The collection of patient sexual orientation and gender identity information is crucial in identifying and addressing disparities in healthcare access, quality, and outcomes for sexual and gender minority individuals. While some studies have explored patients’ willingness to disclose this information in specific settings, little is known about response rates in digital health applications. In light of the growing use of digital health, including virtual care, we sought to determine whether adults would respond to optional sexual orientation and gender identity fields during registration for a digital health application offered through their employer-provided benefits. We analyzed response rates for sexual orientation and gender identity by age, race and ethnicity, and region among individuals over age 17 between September 9th and December 31, 2022. Our study, which included over 41,000 commercially-insured adults from all 50 states, found that nearly 80% were willing to report their sexual orientation and gender identity. However, we observed higher nonresponse rates among older adults and individuals living in central and southern regions, with no consistent pattern by race and ethnicity. Our findings indicate that digital health applications could be a valuable resource for collecting this data from a diverse group of adults. Nevertheless, digital health companies must ensure that they use the data responsibly, identifying quality improvement initiatives and contributing to research that can inform health policies for sexual and gender minority individuals.

Introduction

Members of sexual and gender minority (SGM) communities are less likely to access health care, have higher prevalence of chronic diseases, and subsequently worse health outcomes compared to the general population [1,2]. To improve the health of individuals in SGM communities, it is crucial to conduct further research to better understand the disparities in access, utilization, and outcomes. This knowledge can inform quality improvement initiatives and health policies, such as coverage of services used primarily by SGM communities or implementing payment models tied to reducing disparities for this community [3]. However, the lack of data that identifies members in SGM communities remains a grave limitation and further exacerbates the dearth of literature around the impact of health crises, such as COVID, on SGM populations [4].

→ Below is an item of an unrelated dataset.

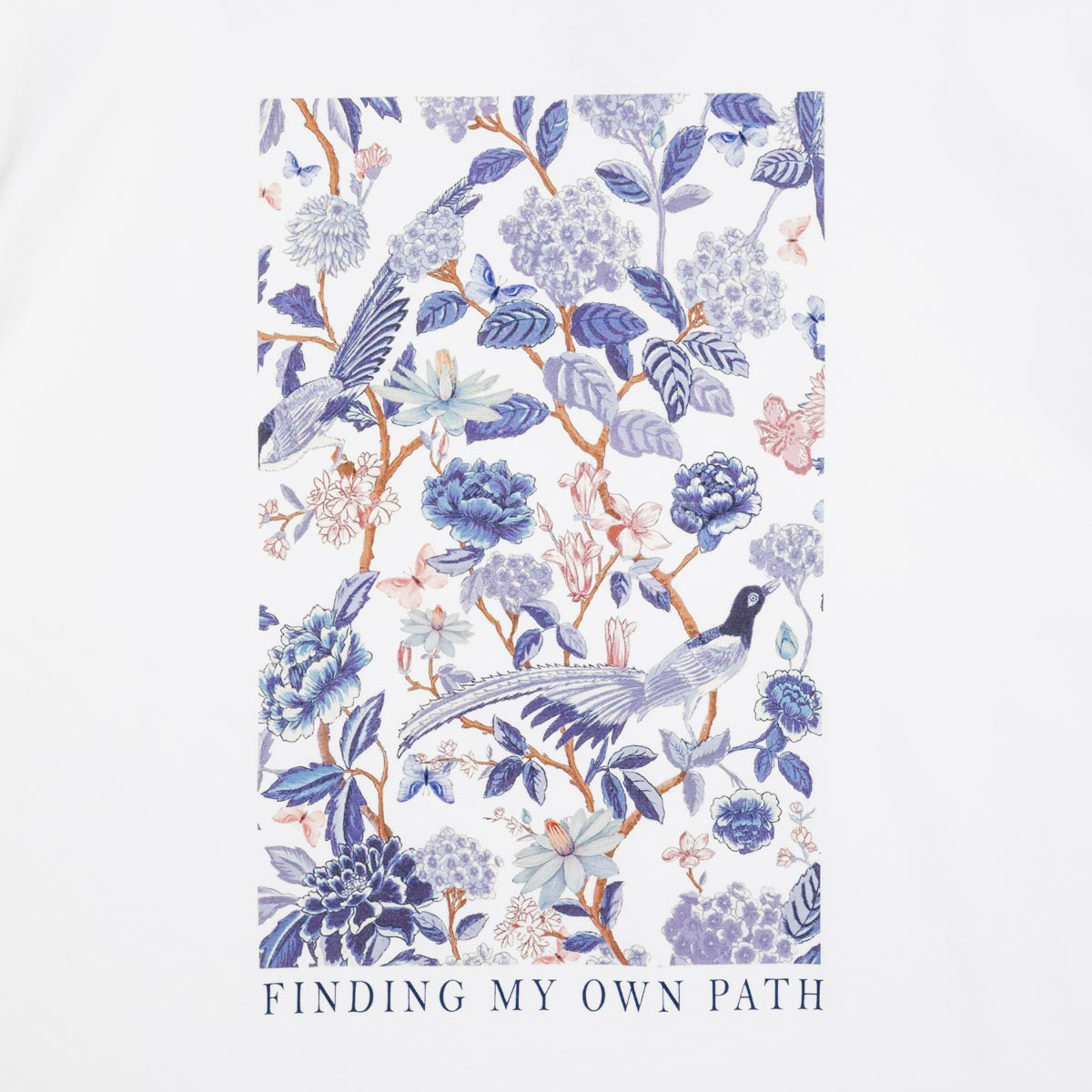 Serena t-shirt, Bluebird, natural white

For over a decade, the Federal government has issued reports and policies to encourage the standardized collection of sexual orientation and gender identity (SOGI) information from patients. In 2011, the Institute of Medicine and the Joint Commission highlighted the need to collect standardized SOGI data in electronic health records to better understand this population [2,5]. Subsequently, the Office of the National Coordinator for Health Information Technology required electronic health records to enable collection of SOGI to meet Meaningful Use Stage 3 criteria in 2015, and the Health Resources and Services Administration required Federally Qualified Health Centers to collect SOGI data from adult patients in 2016 [6]. Most recently, in 2022, the National Academies published recommendations for collecting and measuring sex, gender identity, and sexual orientation through standardized language [7]. Despite these efforts, and calls from providers, researchers, and advocates, there are currently no national requirements across providers and health care organizations to collect standardized patient SOGI information [810].

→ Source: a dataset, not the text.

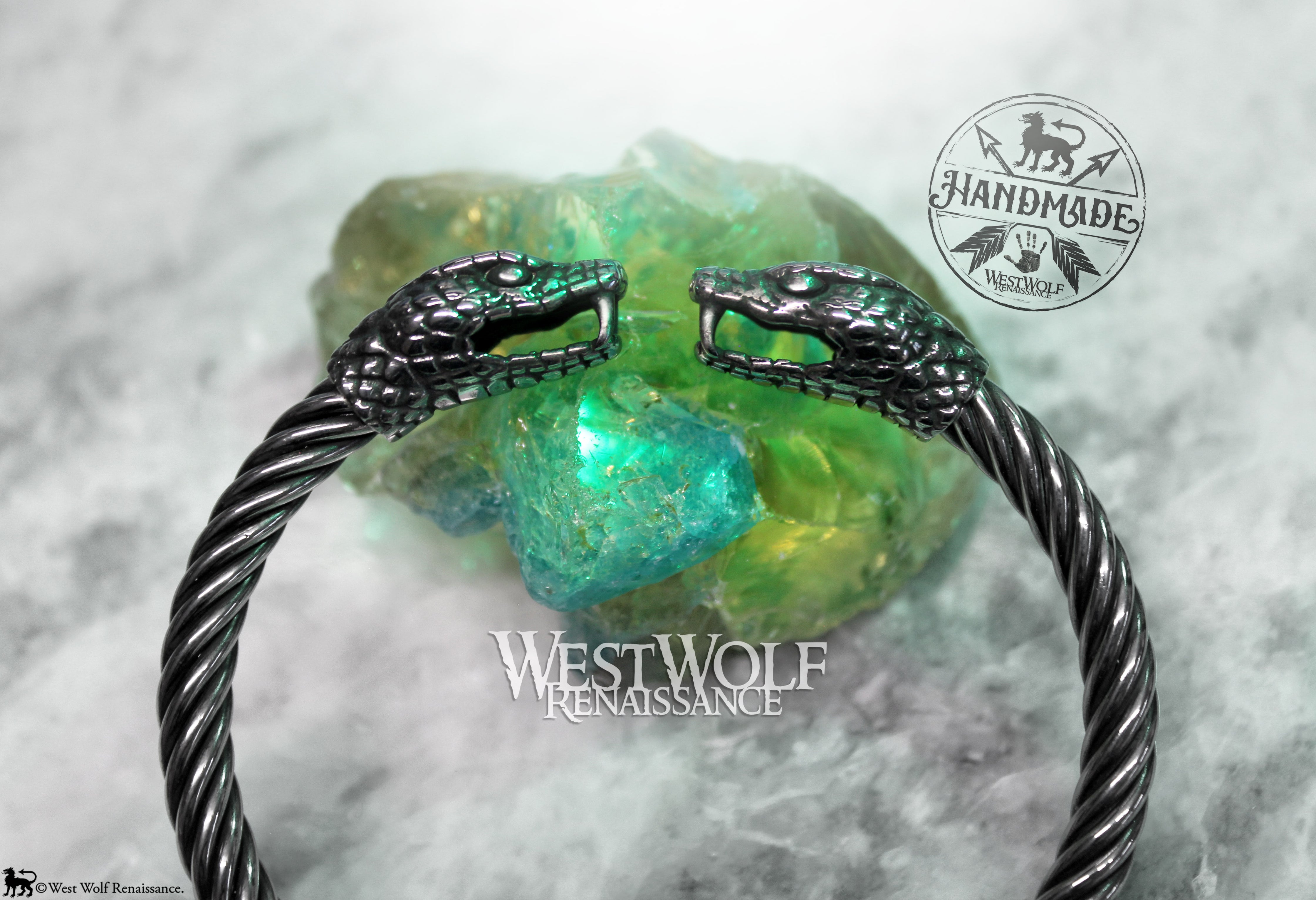 Viking Serpent Torc in Stainless Steel – West Wolf Renaissance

While research has shown that patients are willing to share this information, especially in outpatient settings, it is unknown if they would be willing to report SOGI data through digital health applications [1114]. Digital health is a broad term that encompasses the use of technology in medicine and the healthcare field, and includes products and services such as mobile health applications, virtual health care delivery via telemedicine, wearables, and general wellness applications [15]. With the digital health market projected to grow, and specifically the increased use of virtual health care delivery since the pandemic, digital health applications may provide an effective means to collect SOGI data from a broad group of patients [16,17].

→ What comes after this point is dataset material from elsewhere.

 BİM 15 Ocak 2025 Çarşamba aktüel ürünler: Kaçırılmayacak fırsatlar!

The purpose of this study was to determine the likelihood of adults to provide their sexual orientation and gender identity during the enrollment process of a digital health application. It also sought to test our hypotheses that SOGI response rates are lower among members in older age groups, members who reside in the southern and central regions of the US, and are not White [11,1820].

Methods

This cross-sectional study utilized de-identified data from a digital health application registration and eligibility database, ensuring that the authors did not have access to any identifiable information about the members. As part of the registration process, each member agrees to our data privacy policy, which includes a provision that their de-identified data may be used for research purposes. The WIRB-Copernicus Group (WCG) IRB considered this study exempt from institutional review board approval in accordance with 45 CFR §46.102. This study follows the Strengthening the Reporting of Observational Studies in Epidemiology (STROBE) reporting guidelines (S1 File).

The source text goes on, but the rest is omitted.